> _EXTRACTED ENTRIES_:
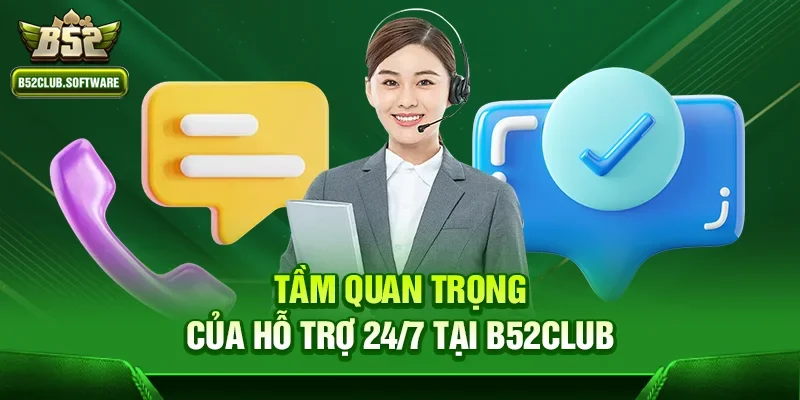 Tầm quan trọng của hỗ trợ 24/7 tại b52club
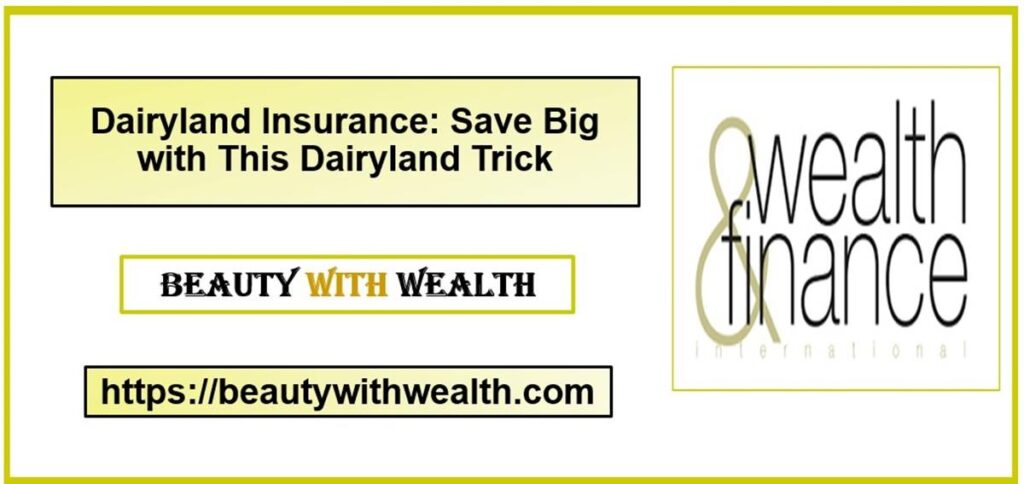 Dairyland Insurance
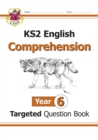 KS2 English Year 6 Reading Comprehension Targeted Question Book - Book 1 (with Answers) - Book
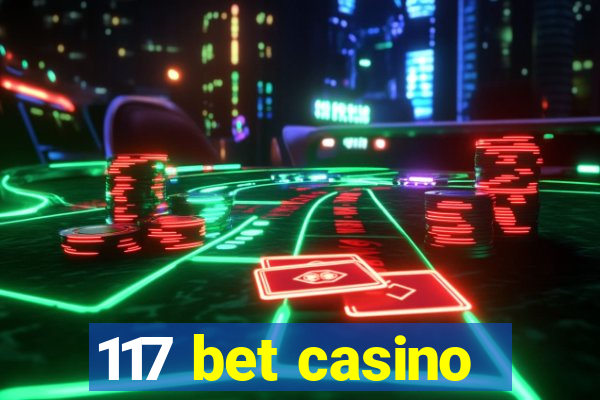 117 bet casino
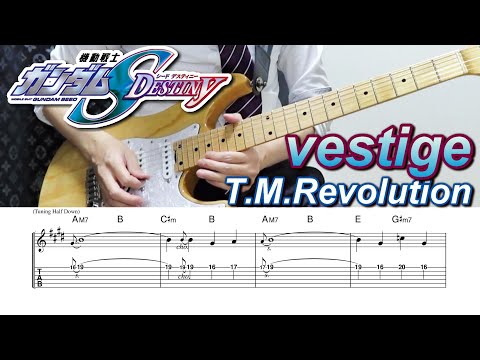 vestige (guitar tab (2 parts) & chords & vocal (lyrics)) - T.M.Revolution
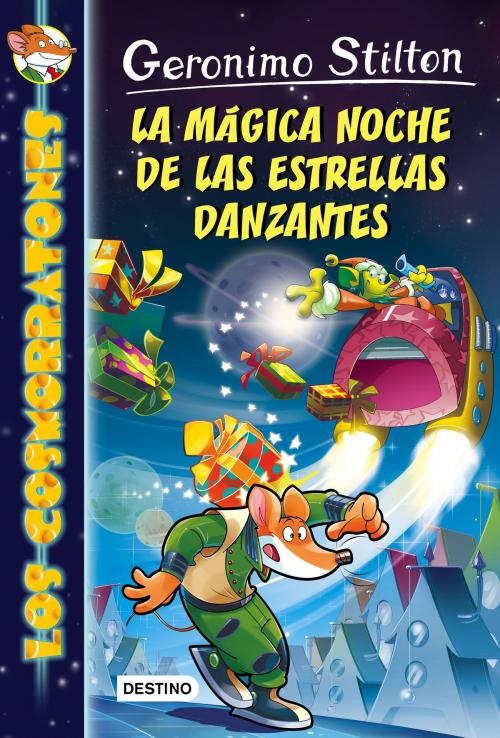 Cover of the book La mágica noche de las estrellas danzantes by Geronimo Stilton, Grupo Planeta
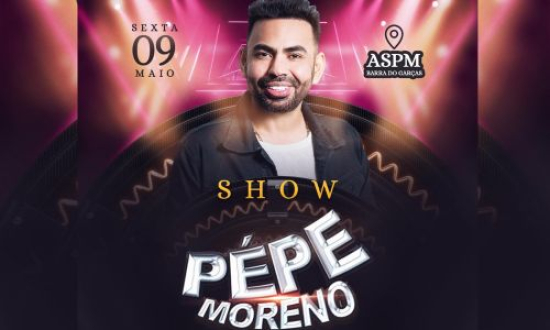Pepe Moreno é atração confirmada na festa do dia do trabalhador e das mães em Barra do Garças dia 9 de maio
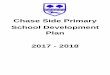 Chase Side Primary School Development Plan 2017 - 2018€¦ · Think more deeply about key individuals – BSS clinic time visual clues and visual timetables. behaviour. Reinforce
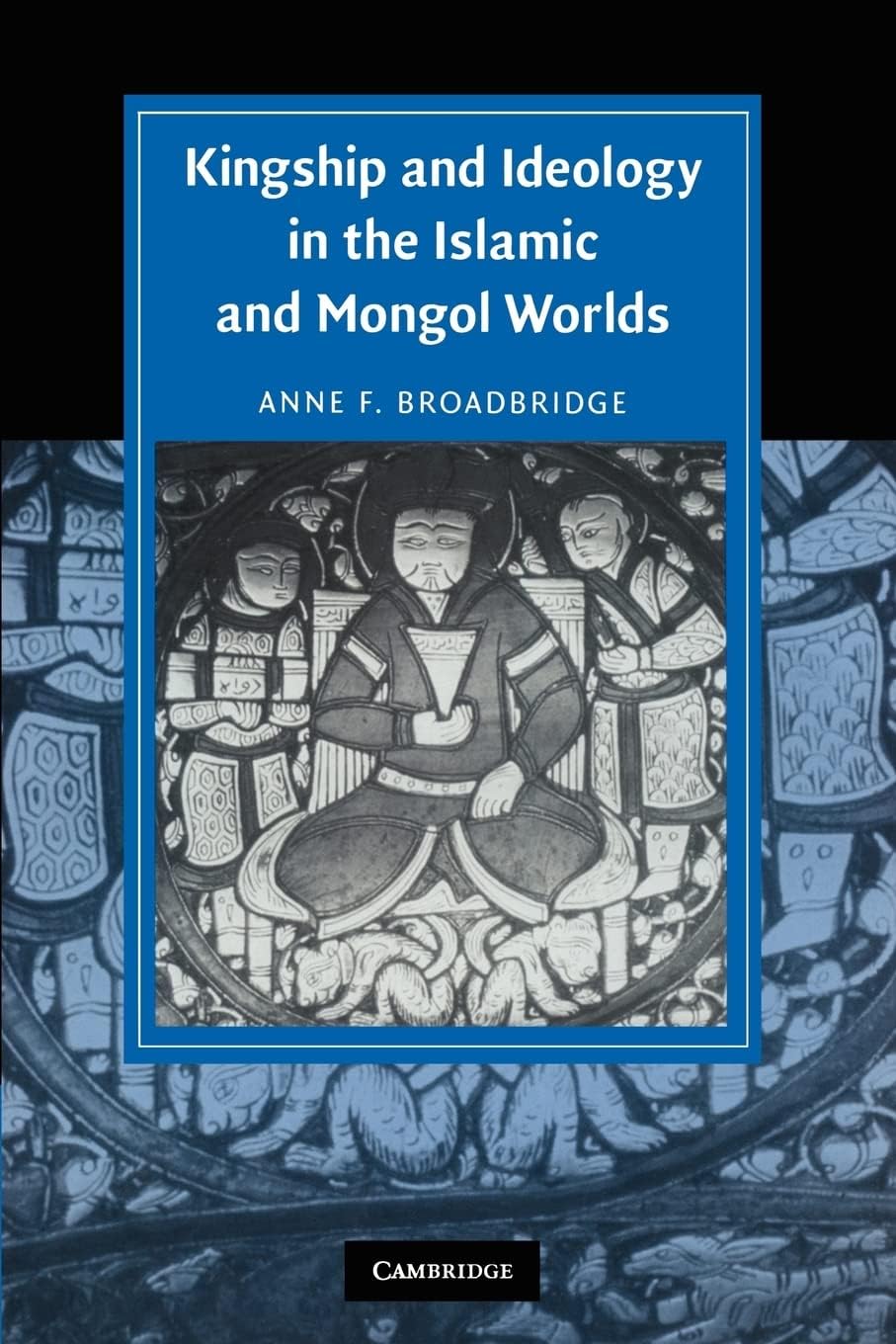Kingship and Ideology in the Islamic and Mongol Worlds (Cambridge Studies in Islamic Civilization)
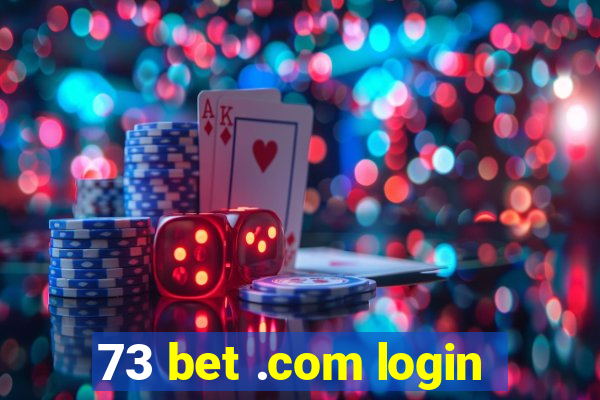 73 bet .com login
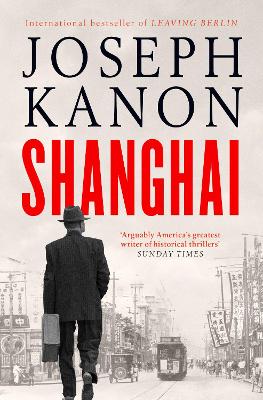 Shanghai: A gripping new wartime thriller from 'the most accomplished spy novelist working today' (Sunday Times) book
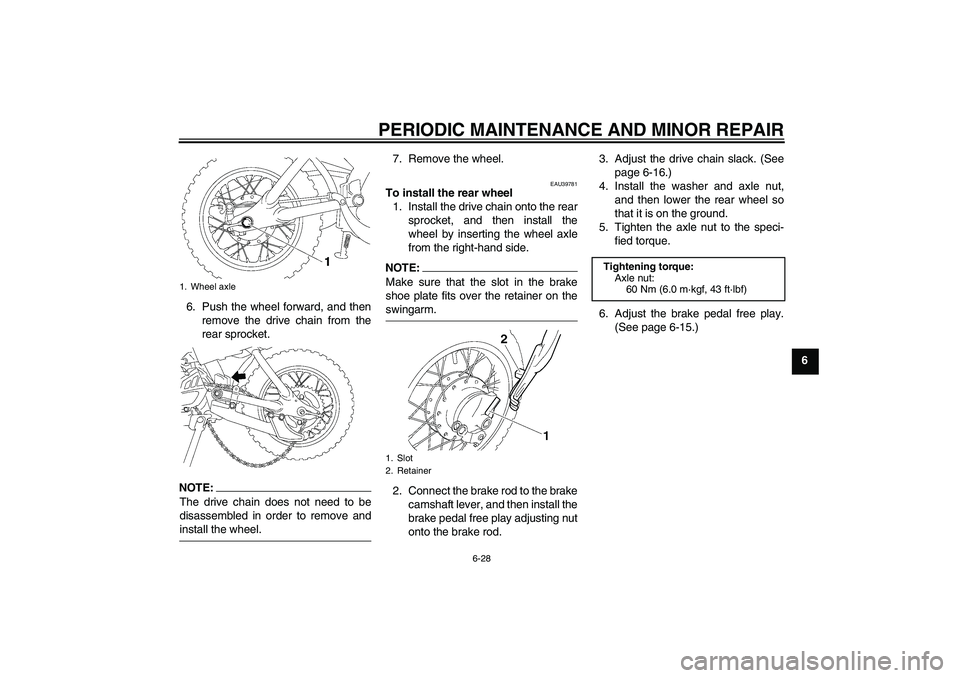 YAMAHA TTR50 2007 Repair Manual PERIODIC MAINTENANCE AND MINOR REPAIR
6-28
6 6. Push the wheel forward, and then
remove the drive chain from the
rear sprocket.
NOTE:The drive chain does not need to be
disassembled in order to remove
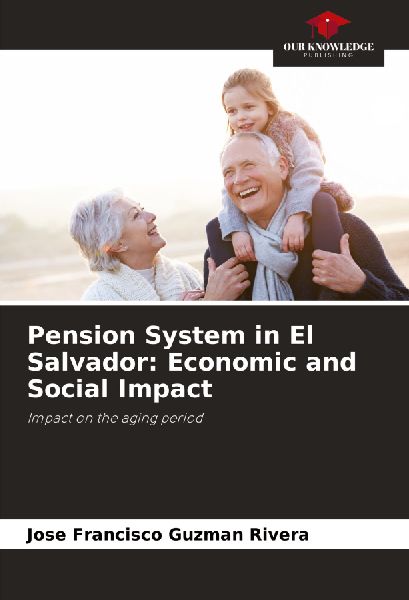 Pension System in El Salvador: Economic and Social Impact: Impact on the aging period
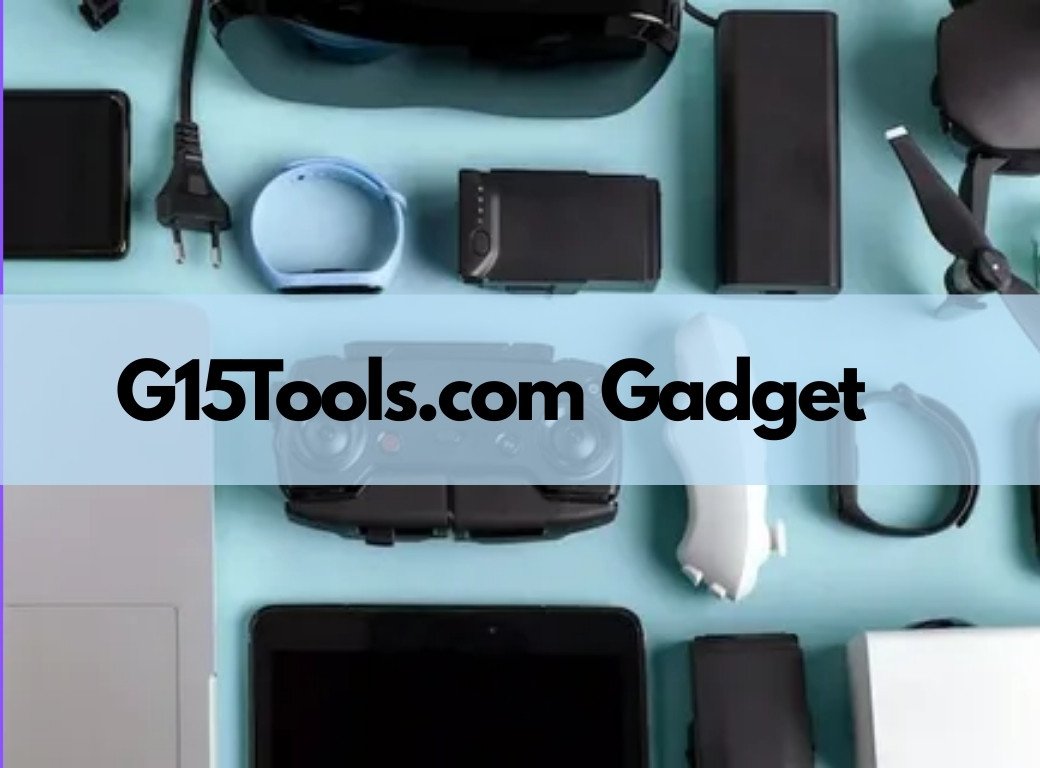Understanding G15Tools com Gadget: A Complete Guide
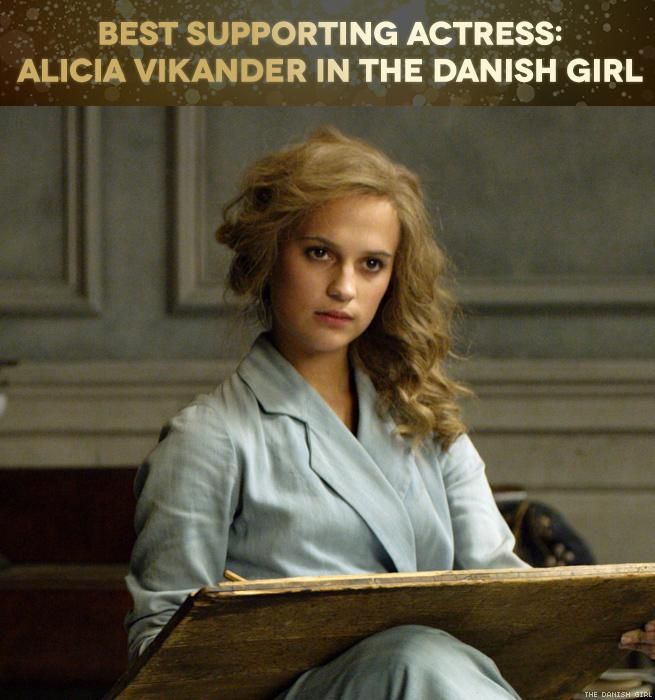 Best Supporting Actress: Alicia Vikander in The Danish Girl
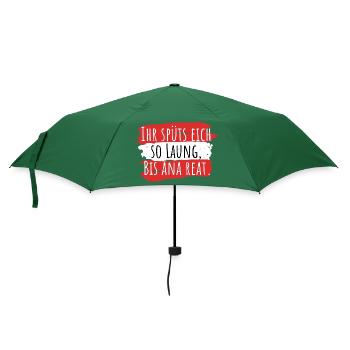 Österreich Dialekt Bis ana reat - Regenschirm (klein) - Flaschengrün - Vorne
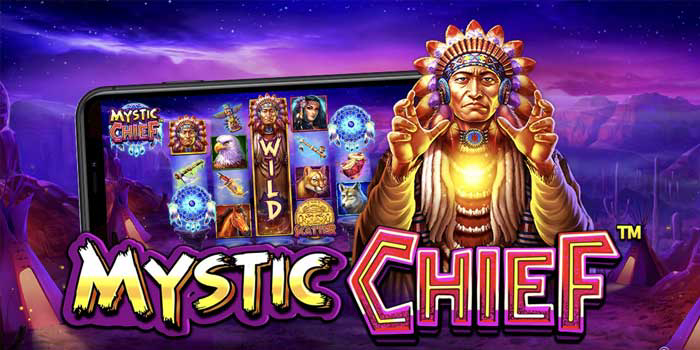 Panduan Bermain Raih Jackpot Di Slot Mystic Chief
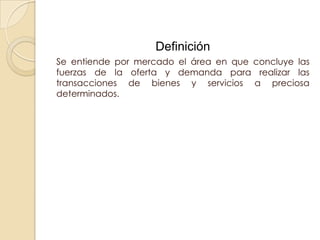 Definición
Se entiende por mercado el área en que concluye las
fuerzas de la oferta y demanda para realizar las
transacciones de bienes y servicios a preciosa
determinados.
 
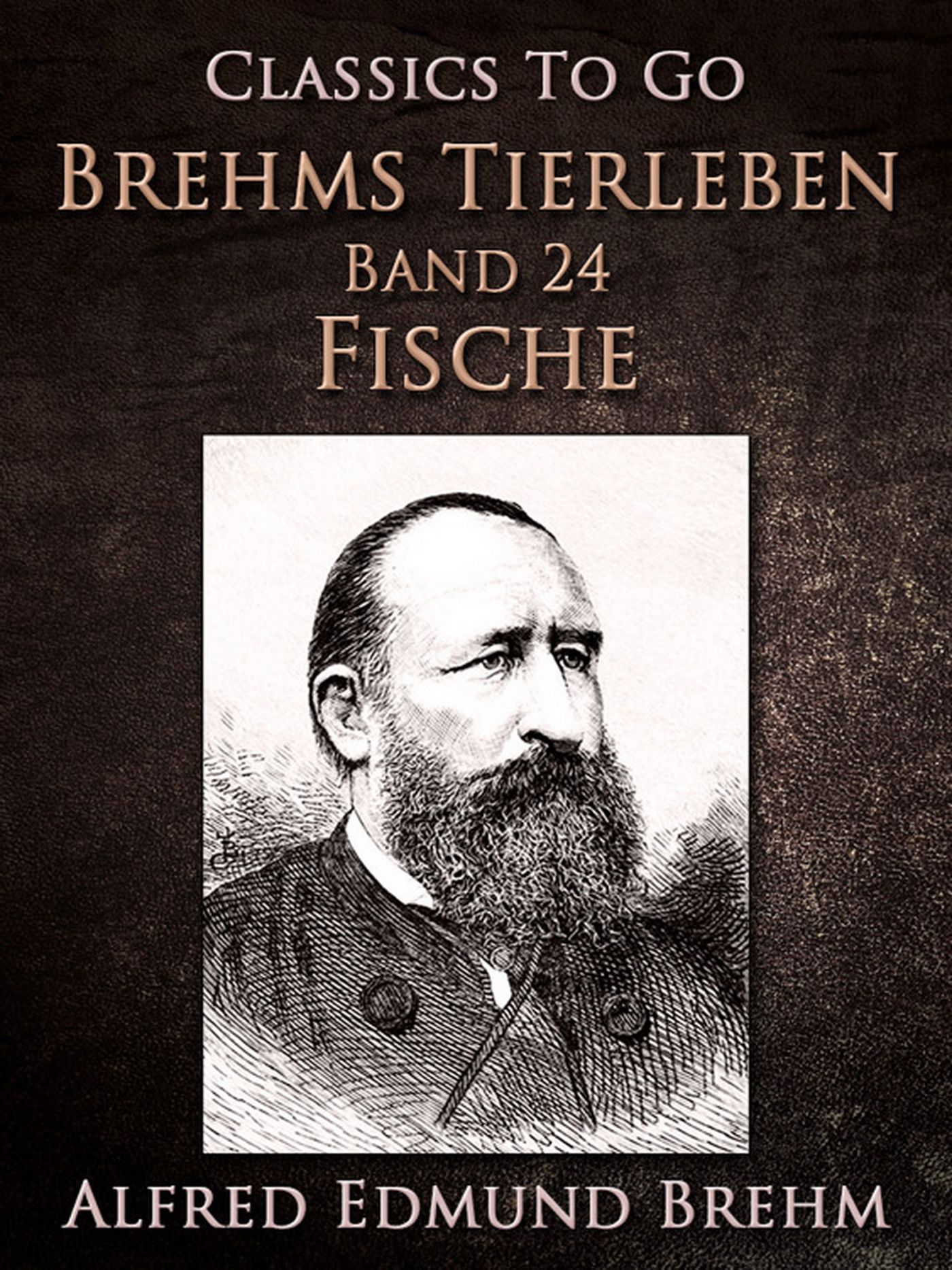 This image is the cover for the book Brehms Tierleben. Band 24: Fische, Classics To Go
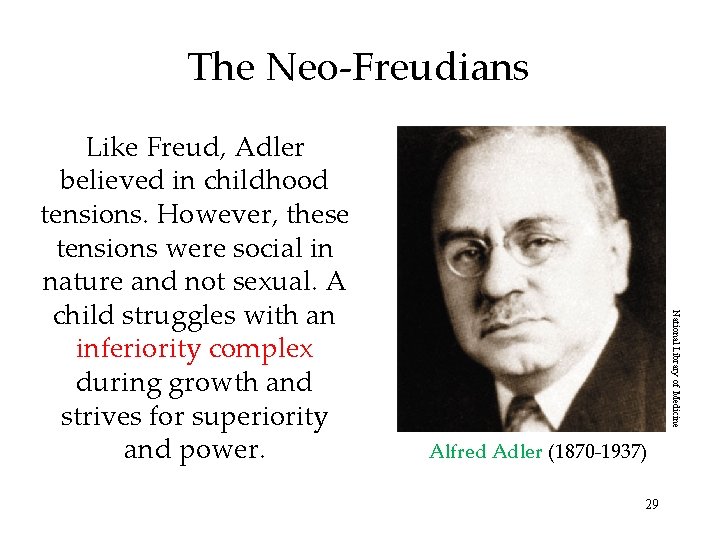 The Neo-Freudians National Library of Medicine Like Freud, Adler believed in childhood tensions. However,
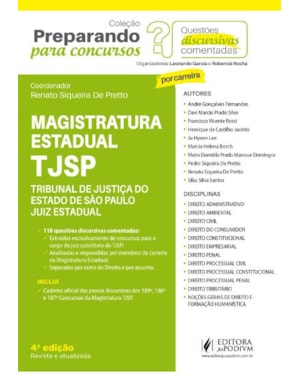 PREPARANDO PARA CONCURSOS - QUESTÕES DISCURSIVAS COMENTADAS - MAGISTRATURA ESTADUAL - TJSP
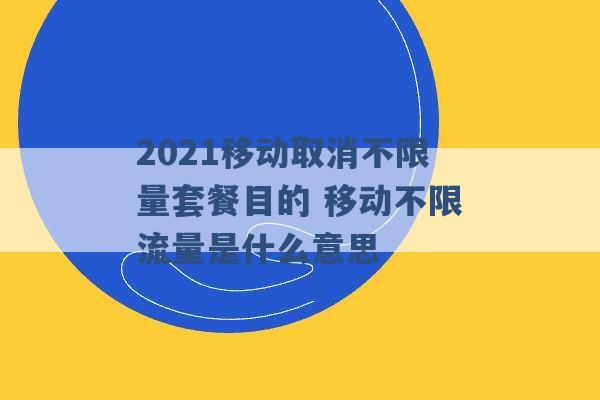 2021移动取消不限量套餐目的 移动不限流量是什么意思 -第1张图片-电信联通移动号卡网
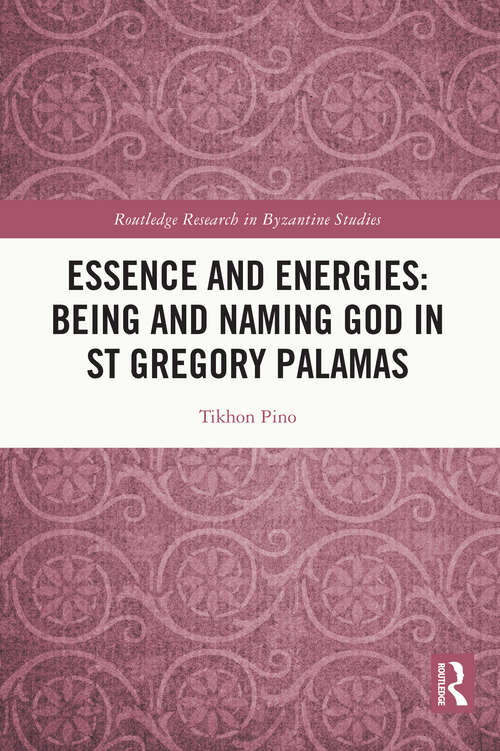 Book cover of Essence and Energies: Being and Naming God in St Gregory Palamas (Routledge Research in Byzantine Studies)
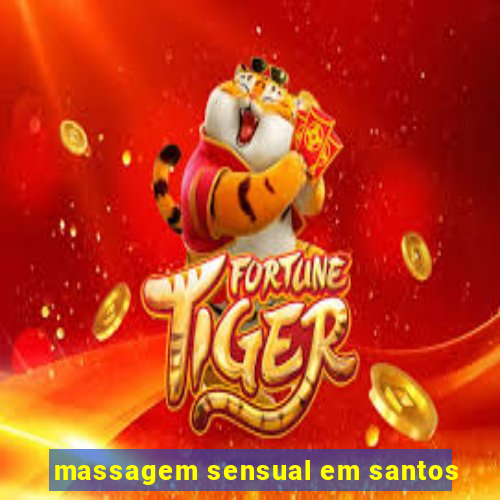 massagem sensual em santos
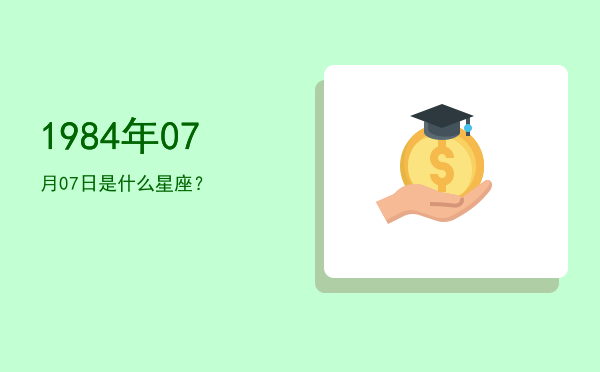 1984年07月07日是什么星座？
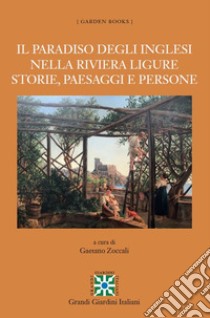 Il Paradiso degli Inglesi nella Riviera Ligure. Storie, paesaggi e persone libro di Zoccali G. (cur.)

> _REQUIRED ACTION_: Leave out the pictures, and write out exactly the lines from the line containing "Book cover of" through the end of the records above.

> _WRITTEN RESPONSE_:
 Book cover of Essence and Energies: Being and Naming God in St Gregory Palamas (Routledge Research in Byzantine Studies)
 massagem sensual em santos
 1984年07月07日是什么星座？
 Il Paradiso degli Inglesi nella Riviera Ligure. Storie, paesaggi e persone libro di Zoccali G. (cur.)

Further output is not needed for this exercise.